Appropriate websearches will bring some answers that essentially say what I already told you, an we’re not even going into the details of things like managed memory here…

Thanks a lot Mr.Marco. The code you sent is a starting point for my implementation, but from your point of view, the two ontologies, I use, contains thousands or millions of words that have to be compared. If I transfer two words of the compared ontologies each time from CPU to GPU. This will take a long time. I need to transfer a bulk of words, How to do this programmatically in your opinion?

As I already tried to ask earlier: It is important to know

  • How the words are stored on the CPU/Java side
  • What you are doing with the words on the CPU/Java side
  • What you are going to do on the GPU/CUDA side
  • What the result of your computations are on the GPU/CUDA side

For example, if you wanted to only do your computations in Java, then you’d simply use a List<String> most of the time. Maybe you’d also use a Map<String, Integer> that stores (for each word) how often it appears. You might also have something like a Map<Pair<String>, Integer> that stores co-occurances (i.e. how often each pair of words appears together in some texts or ontologies).

But there is no String in CUDA. And there is no List. And no Map. And no Pair.

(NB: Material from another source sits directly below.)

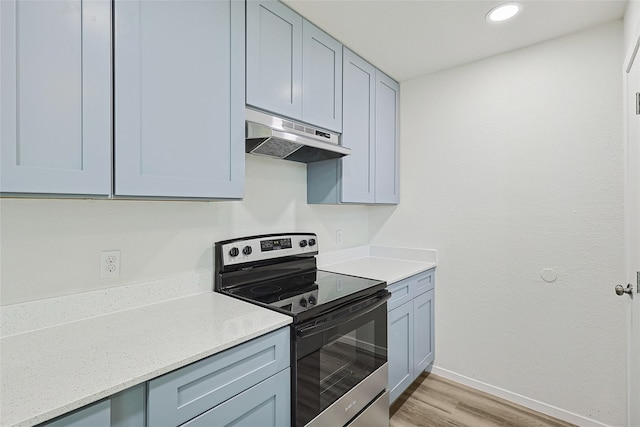 kitchen featuring light hardwood / wood-style floors and stainless steel electric stove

So you have to bring the data into a form that can be used in CUDA. And how exactly you do that depends on the computations that you want to do.

Some computations would be trivial in Java. For example, if you have a List<String> words, and want to compute a word count, then you can just write

Map<String, Integer> count = words.stream()
    .collect(Collectors.toMap(w -> w, w -> 1, Integer::sum);

and you’re done. One line of code. Doing that in CUDA would require hundreds of lines of complicated code, and it is very unlikely that the CUDA implementation could be faster than the Java implementation, unless you’re a CUDA expert and find exactly the right way to leverage the GPU for this task.

Broadly speaking, you’d have to

  • convert the List<String> into a char *words, int *wordLengths,
  • copy the whole data from the CPU to the GPU
  • compute the word counts (which is not trivial, because you have thousands of threads, and you’d need some synchronization, maybe with atomic variables and various __syncthreads, possibly eating up all performance gains)
  • copy the results back from the GPU to the CPU

Dealing with structures like ontologies might be even more complicated, depending on what exactly you want to do.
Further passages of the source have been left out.